*** DATA TO EXAMINE ***
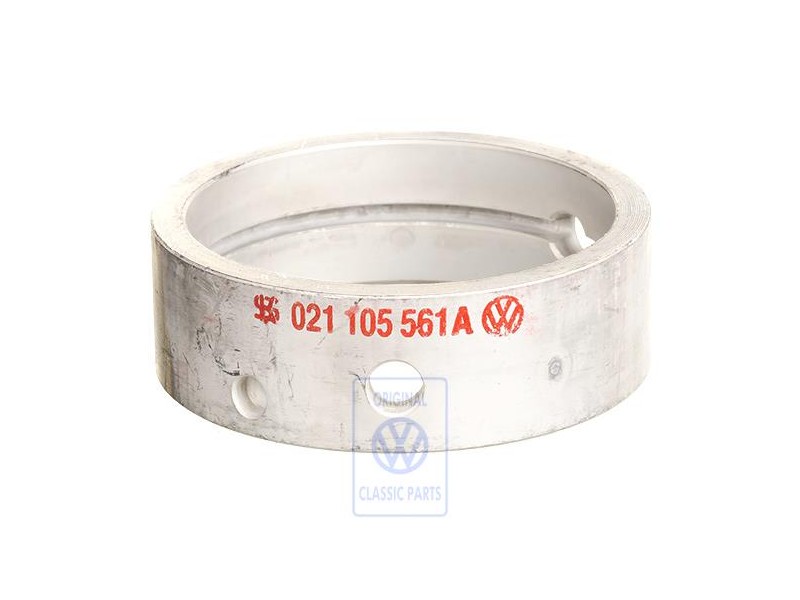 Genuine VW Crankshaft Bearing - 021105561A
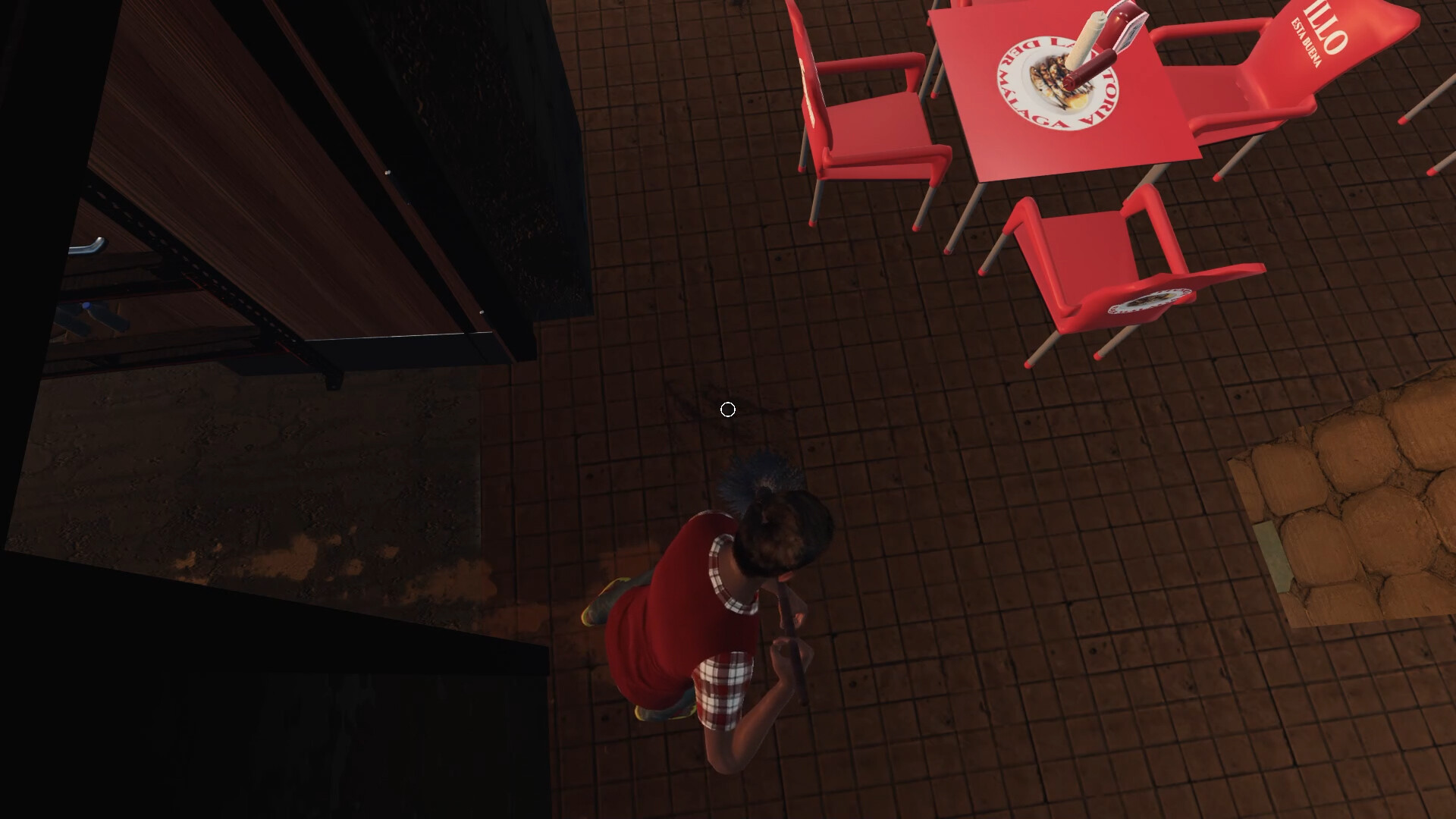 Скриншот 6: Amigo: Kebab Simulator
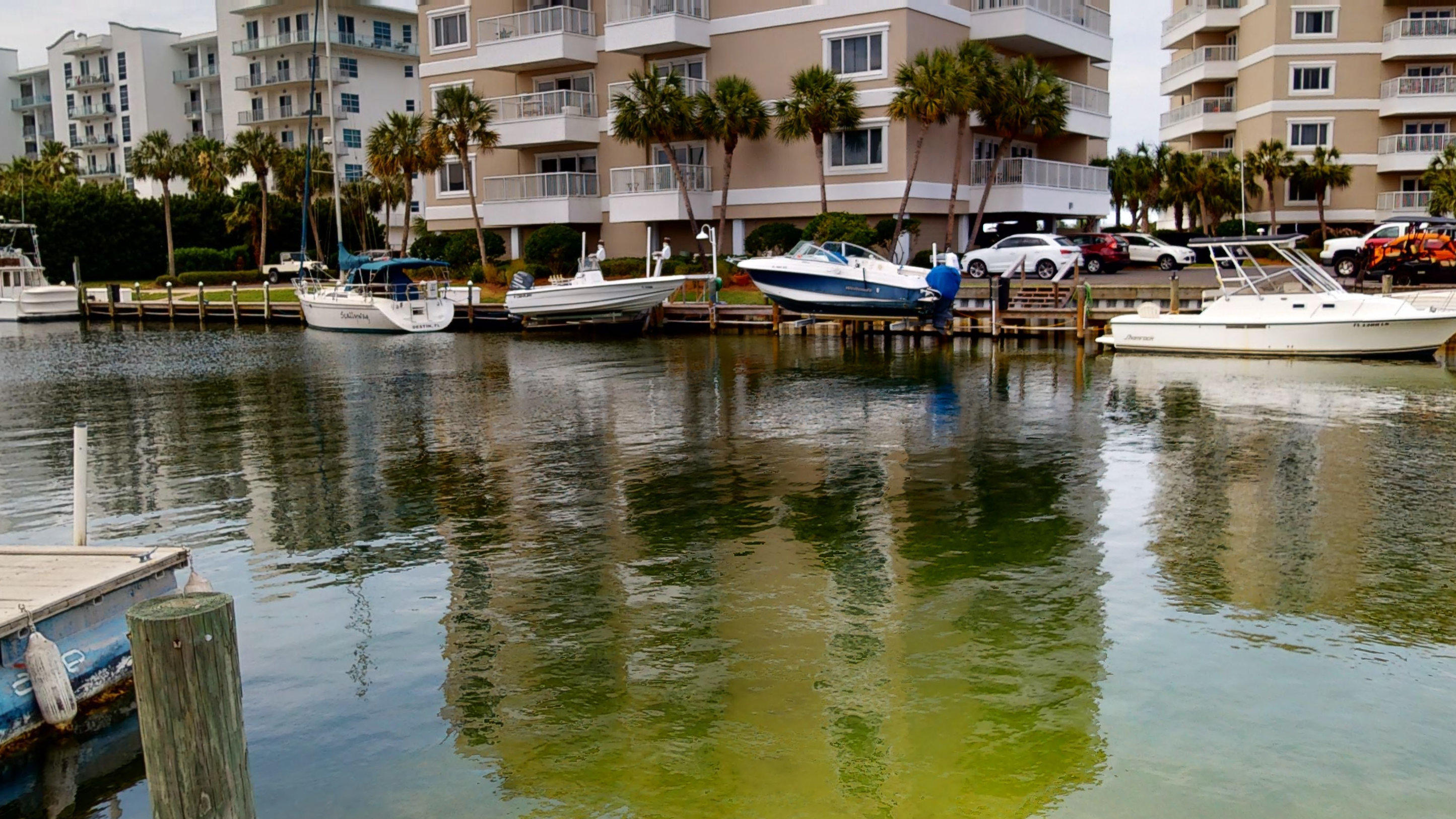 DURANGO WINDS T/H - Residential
***
*** DATA TO EXAMINE ***
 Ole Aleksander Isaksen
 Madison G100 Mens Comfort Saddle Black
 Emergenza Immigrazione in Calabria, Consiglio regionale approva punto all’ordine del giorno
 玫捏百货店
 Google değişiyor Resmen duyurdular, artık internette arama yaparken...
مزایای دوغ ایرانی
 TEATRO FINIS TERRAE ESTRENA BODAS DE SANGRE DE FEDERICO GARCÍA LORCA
***
▸ **EXERCISE**
Drop the pictures; return the lines above from the line containing "Genuine VW Crankshaft Bearing - 021105561A" to the line containing "DURANGO WINDS T/H - Residential", both included, exactly.

▸ **ANSWER TO THIS PROBLEM**
 Genuine VW Crankshaft Bearing - 021105561A
 Скриншот 6: Amigo: Kebab Simulator
 DURANGO WINDS T/H - Residential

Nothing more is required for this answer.